Cable television companies interested in winning either of Prince George's County's two lucrative cable franchises will be required to provide systems with a minimum of 40 channels, including some with two-way capability that will allow subscribers to communicate through their television sets with stores, banks, pollsters or others interested in reaching into county homes.
These minimum requirements, as well as financial disclosure forms and "character qualifications" lists that force cable companies and their owners to reveal any illegal activities committed in the past, are included in a draft report prepared by the county's cable franchises.
So far, according to commission executive director Dolores Early, 46 companies or individuals have expressed an interest in one or both of Prince George's two 15-year franchises.
The two franchises divide the county into north and south areas with approximately 100,000 households in each.

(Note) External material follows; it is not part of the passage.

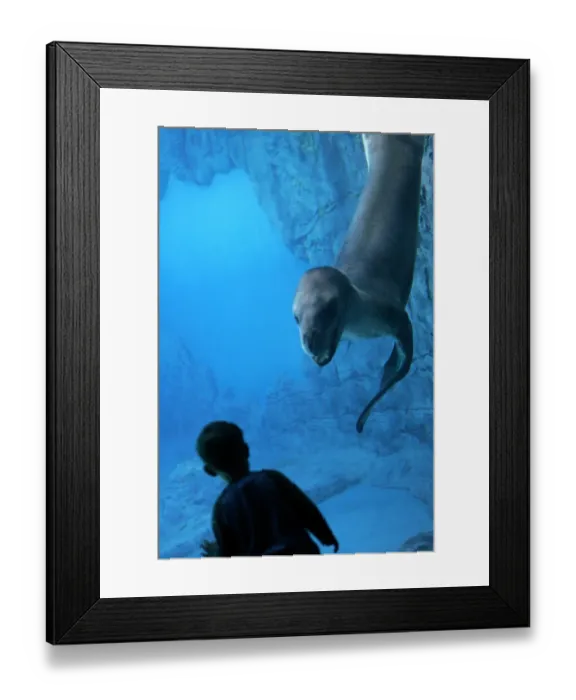 Framed Print : Australia-Zoo-Marine Wildlife-Seal Framed Print : Australia-Zoo-Marine Wildlife-Seal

The franchises are among the largest up for grabs in the nation and are expected to bring in an estimated $15 million annually when fully built.
The county is requiring that the entire system be in operation within five years of the franchise awards, which are expected to be made as early as this spring by the County Council.

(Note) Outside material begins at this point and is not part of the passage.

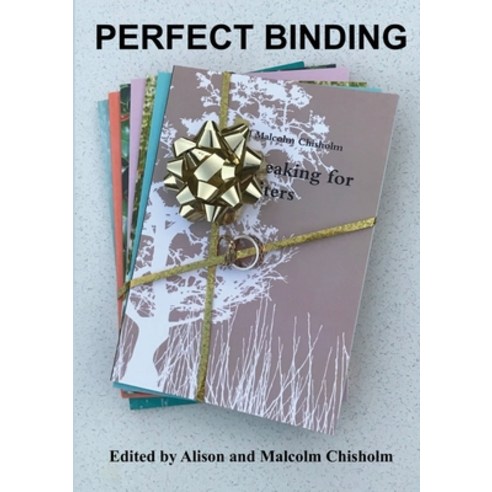 (영문도서) Perfect Binding Paperback, Lulu.com, English, 9781312946514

That decision is expected to be a particularly complicated affair both because of the complexity of the quickly changing cable industry and because of the extent to which cable companies and their local agents have become embroiled in local politics. In Prince George's, for instance, a former county executive, several state legislators and close friends of the current county executive are among those who have interests in or represent cable companies.
In an attempt to curtail political influences on the final selection process, the County Council last month at the request of County Executive Lawrence Hogan adopted a resolution prohibiting unofficial communication between county officials and cable companies. The resolution also indicated at the final franchise awards would be based on merit and without consideration of the individuals representing the various companies.
The draft report sent out to various groups throughout the country for comment this week includes items that are not requirements but that the county would like to see included in its cable services. Among the items mentioned are hookups for home security systems, sports channels, news, weather and stock teletypes and neighborhood channels.
"We've set out only the absolute minimum [in terms of requirements]," Early said yesterday. "We expect to receive proposals with much more than that" but will let the intensely competitive cable franchise marketplace determine what appears in each application.